Where did the stats on the Bloodfang and Ekapshi come from? Just curious here...I've been searching for those two specifically for a few months now with no success.
 
Wow, the shields and armor on the Longbow in WC3 are thinner than I thought--I had thought they were equal to the WC4 Longbow.
 
Where did the stats on the Bloodfang and Ekapshi come from? Just curious here...I've been searching for those two specifically for a few months now with no success.

Origin's Official Guide to Wing Commander III has the specifications for both (and the Kilrathi Saga manual has just the Ekapshi.)
 
The best part of this app has to be the advice for Strakha versus Strakha (with Strakha versus Excalibur a close second).
 
Where did the stats on the Bloodfang and Ekapshi come from? Just curious here...I've been searching for those two specifically for a few months now with no success.
LOAF already covered this, but, as mentioned in the spreadsheet readme, the stats (other than the ones observable in-game) all came from four sources...Victory Streak, Warbirds, the Origin Official Guide, and the Authorized Combat Guide. All four come bundled with the GoG version of WC3 (along with a bunch of other goodies, which are themselves enough reason to spend $9.99 on it, even if you already own the game).

Running down the stat lineage was actually an interesting exercise. There are a number of stats where all four source materials disagreed, and at least one case (the armament of a Hellcat V) where all four were demonstrably wrong, compared to the game. Some seemed to be obvious typos or omissions (for instance, Warbirds doesn't mention that Paktahns carry torpedoes!), but some seemed to genuinely disagree.

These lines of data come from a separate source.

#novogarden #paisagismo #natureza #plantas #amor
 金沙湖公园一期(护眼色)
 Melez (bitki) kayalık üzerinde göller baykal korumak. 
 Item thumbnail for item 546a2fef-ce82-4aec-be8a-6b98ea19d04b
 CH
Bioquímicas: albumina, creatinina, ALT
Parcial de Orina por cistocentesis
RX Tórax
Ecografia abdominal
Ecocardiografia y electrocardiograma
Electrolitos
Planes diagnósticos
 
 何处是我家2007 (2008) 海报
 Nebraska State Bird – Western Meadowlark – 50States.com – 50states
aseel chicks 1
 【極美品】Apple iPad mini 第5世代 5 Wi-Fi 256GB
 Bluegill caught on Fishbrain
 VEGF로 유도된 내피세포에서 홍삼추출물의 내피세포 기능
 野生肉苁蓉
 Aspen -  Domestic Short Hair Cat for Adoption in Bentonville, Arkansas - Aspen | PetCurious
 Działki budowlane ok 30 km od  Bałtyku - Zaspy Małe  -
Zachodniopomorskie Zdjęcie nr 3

I suspect this was because the four materials were authored at different points during the game development cycle, and some of the ship stats were in flux as they fiddled around in playtesting and tried to optimize game balance. But this is just my theory. Going on that theory, the ACG seemed to be the "latest" or "most correct" of the four source materials (i.e. it was most likely to agree with in-game values when the sources differed), followed by Victory Streak, Warbirds, and then the OOG. So this was the order by which I prioritized the stats when resolving differences. I specified this in the Comparer. I assume all four of these source materials are considered canon?

What I found most interesting is that EVERY source claimed that the Hellcat has the same armament as the Arrow...lasers and ions. And yet in-game the 'Cat obviously sports ions and neutrons. So either this was a mistake that got propagated throughout the fiction, or else it originally did have the same guns, and someone decided late in the development cycle that really no one would ever fly a 'Cat instead of an Arrow unless the gave it some additional advantage.

Wow, the shields and armor on the Longbow in WC3 are thinner than I thought--I had thought they were equal to the WC4 Longbow.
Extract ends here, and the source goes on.